The National Standards Authority of Ireland (NSAI) has been approved for designation to the new Medical Device Regulations (MDR). This hugely significant achievement makes NSAI only the 11th notified body in the world to be designated to the new medical device regulation. Further information on this notable achievement can be found here < https://lnkd.in/dx5auvY>
As an NSAI certified ISO 9001:2015 company Real Regulatory congratulates the team at NSAI on the recent approval.
EMA has announced that two ICH Guidances – ICH E9(R1) addendum on estimates < https://lnkd.in/dgU3jCr> and sensitivity analysis in clinical trials and ICH S5(R3) on reproductive toxicology < https://lnkd.in/dWApy26> – will take effect in EU on 30 July 2020. The E9(R1) addendum presents a framework for defining an appropriate estimate for a clinical trial and conducting sensitivity analyses.
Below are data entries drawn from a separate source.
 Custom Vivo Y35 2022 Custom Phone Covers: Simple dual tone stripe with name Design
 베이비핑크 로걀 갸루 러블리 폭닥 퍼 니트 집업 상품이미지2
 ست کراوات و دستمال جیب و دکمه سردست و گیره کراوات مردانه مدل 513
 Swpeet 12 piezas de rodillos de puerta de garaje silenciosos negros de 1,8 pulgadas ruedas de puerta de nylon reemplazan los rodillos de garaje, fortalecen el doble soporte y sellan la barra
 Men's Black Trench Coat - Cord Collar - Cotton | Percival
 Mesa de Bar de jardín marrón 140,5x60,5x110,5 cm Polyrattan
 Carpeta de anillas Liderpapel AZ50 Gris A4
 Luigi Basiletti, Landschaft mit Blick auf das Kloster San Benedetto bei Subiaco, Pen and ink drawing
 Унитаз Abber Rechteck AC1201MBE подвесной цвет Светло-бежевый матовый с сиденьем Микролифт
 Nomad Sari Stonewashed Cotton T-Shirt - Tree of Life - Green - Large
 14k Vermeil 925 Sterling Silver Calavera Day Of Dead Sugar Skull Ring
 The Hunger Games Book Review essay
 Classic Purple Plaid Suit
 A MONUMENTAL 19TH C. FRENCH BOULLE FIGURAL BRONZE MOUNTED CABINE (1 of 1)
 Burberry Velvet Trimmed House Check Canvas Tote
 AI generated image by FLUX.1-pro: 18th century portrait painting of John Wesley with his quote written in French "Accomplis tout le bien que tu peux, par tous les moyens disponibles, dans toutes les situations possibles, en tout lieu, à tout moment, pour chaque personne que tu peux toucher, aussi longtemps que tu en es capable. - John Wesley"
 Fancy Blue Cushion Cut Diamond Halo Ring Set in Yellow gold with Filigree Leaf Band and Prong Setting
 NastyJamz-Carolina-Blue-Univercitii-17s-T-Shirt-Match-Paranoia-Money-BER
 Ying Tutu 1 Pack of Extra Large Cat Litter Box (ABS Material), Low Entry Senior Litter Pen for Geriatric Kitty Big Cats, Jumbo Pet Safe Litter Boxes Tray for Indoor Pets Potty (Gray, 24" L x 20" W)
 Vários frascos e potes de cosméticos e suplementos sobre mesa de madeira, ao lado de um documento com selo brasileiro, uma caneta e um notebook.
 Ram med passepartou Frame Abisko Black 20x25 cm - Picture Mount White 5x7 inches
While the S5(R3) guideline, ICH sets out recommendations for a harmonized approach to assessing nonclinical developmental and reproductive toxicity (DART) testing used to support clinical trials and drug approvals.
EMA has published an updated status on the list of proposed actions to improve the regulatory framework for ATMPs. The complete list can be found under this link <https://lnkd.in/dvx_6RZ>.
Under line item 6, finalisation of the EMA guideline on investigational ATMPs is expected by Q4 2020. It is stated that ‘The Guideline will not change the competence of Member States to approve clinical trials but it will help create common standards for the assessment of these novel products.’ Under line item 7, in relation to the guideline ‘Quality, non-clinical and clinical aspects of medicinal products containing genetically modified cells (CHMP/ GTWP/671639/2008)’, finalisation is expected by Q2 2020.